# Does edge still support download in shows from a built in web server?



## Puppy76 (Oct 7, 2004)

Does edge still support download in shows from a built in web server?

I am NOT talking about that and you’re worthless tivo.com page that supposedly let you stream shows, which never works right. I’m talking about actually downloading shows to your computer so you can watch them from the built-in Web server accessing the Edge directly. I think I’ve heard that it no longer supports that, and if that’s the case I’m not sure how Tivo has any advantage over like a cheaper device from Amazon, which sucks.
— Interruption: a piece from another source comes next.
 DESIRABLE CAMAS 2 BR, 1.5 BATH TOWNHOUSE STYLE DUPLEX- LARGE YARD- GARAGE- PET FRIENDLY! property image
(and did they seriously get rid of the four tuner OTA model? That seems completely ridiculous. I’m not going back to a two tuner model unless there’s literally nothing else on the market)


----------



## ClearToLand (Jul 10, 2001)

Puppy76 said:


> *Does edge still support download in shows from a built in web server?*


AFAIK, yes.

But why would you use that instead of PyTiVo Desktop? Unless you only use MPEG-2 channels exclusively, D/L via Program Stream and don't care about corrupt Closed Captions. 


Spoiler



@dianebrat : LOOK - A QUICK & DIRTY 'SNIPE' ANSWER!


----------



## dianebrat (Jul 6, 2002)

They didn't get rid of transferring off of the Edge to a PC, they got rid of transferring things back ON to the Edge from a PC.
If you want an easy way to do it, pyTivo and desktop pyTivo are what you can use to make it a bit easier.


----------



## Puppy76 (Oct 7, 2004)

dianebrat said:


> They didn't get rid of transferring off of the Edge to a PC, they got rid of transferring things back ON to the Edge from a PC.
> If you want an easy way to do it, pyTivo and desktop pyTivo are what you can use to make it a bit easier.
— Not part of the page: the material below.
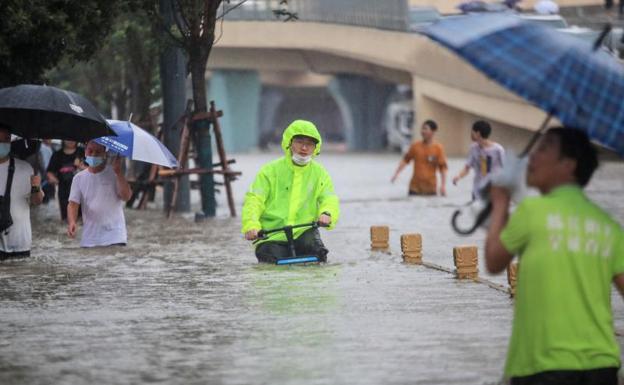 China se ve castigada por un diluvio que deja al menos 25 muertos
Oh thank goodness! Thank you to both of you! I can't transfer stuff back to my balls either, but as long as you still can transfer off of the edge, that's good enough! That feature pretty much guarantees I'll stick with TiVo, and if I didn't have it I might just skip it. My bolt is doing fine for now, but it's a full five years old so I'm a little worried&#8230;


----------